De lever
De lever ligt rechtsboven in de buikholte tegen het middenrif aan. Door de leverslagader stroomt zuurstofrijk naar de lever. Door de poortader stroomt zuurstofarm bloed naar de lever. Na een maaltijd kan dit bloed veel glucose en voedingsstoffen bevatten. Door de leverader stroomt bloed weg uit de lever.
In de lever wordt glucose omgezet in glycogeen, dat wordt opgeslagen. Het opgeslagen glycogeen kan ook weer worden omgezet in glucose. De glucose wordt dan weer opgenomen in het bloed.
Bij de verwerking van verteringsproducten van eiwitten heeft de lever ook een rol. Uit deze verteringsproducten wordt fibrinogeen gevormd. Eiwitten kunnen niet in het lichaam worden opgeslagen, overtollige eiwitten worden daarom in de lever afgebroken. Bij de afbraak ontstaat een giftige stof; ureum. Ureum wordt afgegeven aan het bloed en uitgescheiden door de nieren.
De lever produceert gal. Gal emulgeert vetten. eerst wordt de gal tijdelijk opgeslagen in de galblaas. In de lever worden dode bloedcellen afgebroken. Hierbij ontstaan als afbraakproducten onder andere galkleurstoffen die door de lever worden uitgescheiden met de gal. Via de endeldarm verlaten de galkleurstoffen het lichaam. De galkleurstoffen geven je ontlasting een bruine kleur.
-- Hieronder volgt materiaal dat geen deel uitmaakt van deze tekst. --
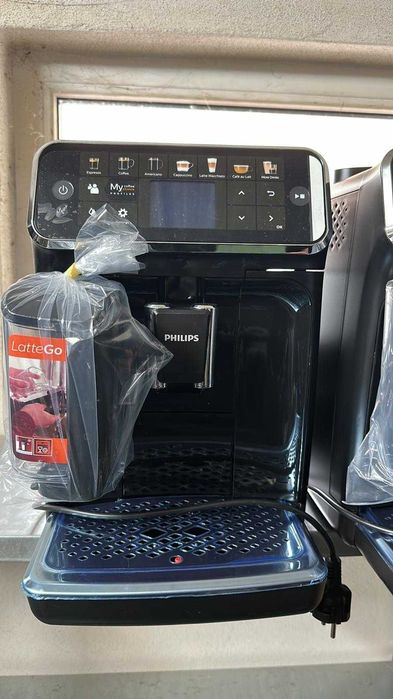 Espressor Philips Latte Go, seria 5400, 2200 lei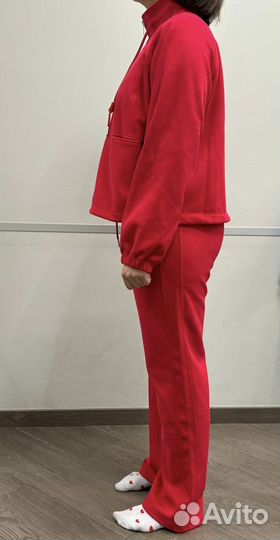 Спортивный костюм женский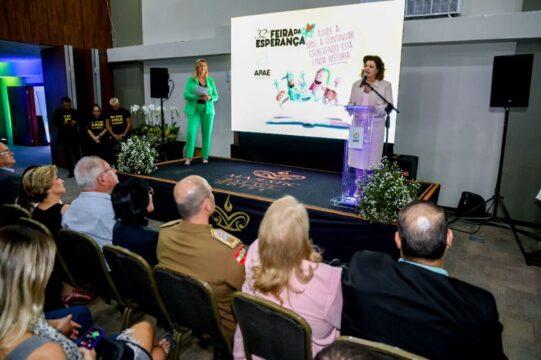 Marilisa Boehm participa do lançamento da 32ª Feira da Esperança em Florianópolis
Bij de afbraak van dode rode bloedcelen komt ijzer uit hemoglobine vrij. Dit ijzer wordt voor een deel opgeslagen in de lever, ook kan dit weer worden gebruikt voor de aanmaak van nieuwe rode bloedcellen in het rode beenmerg. Ook andere mineralen en bepaalde vitamines kunnen in de lever worden opgeslagen.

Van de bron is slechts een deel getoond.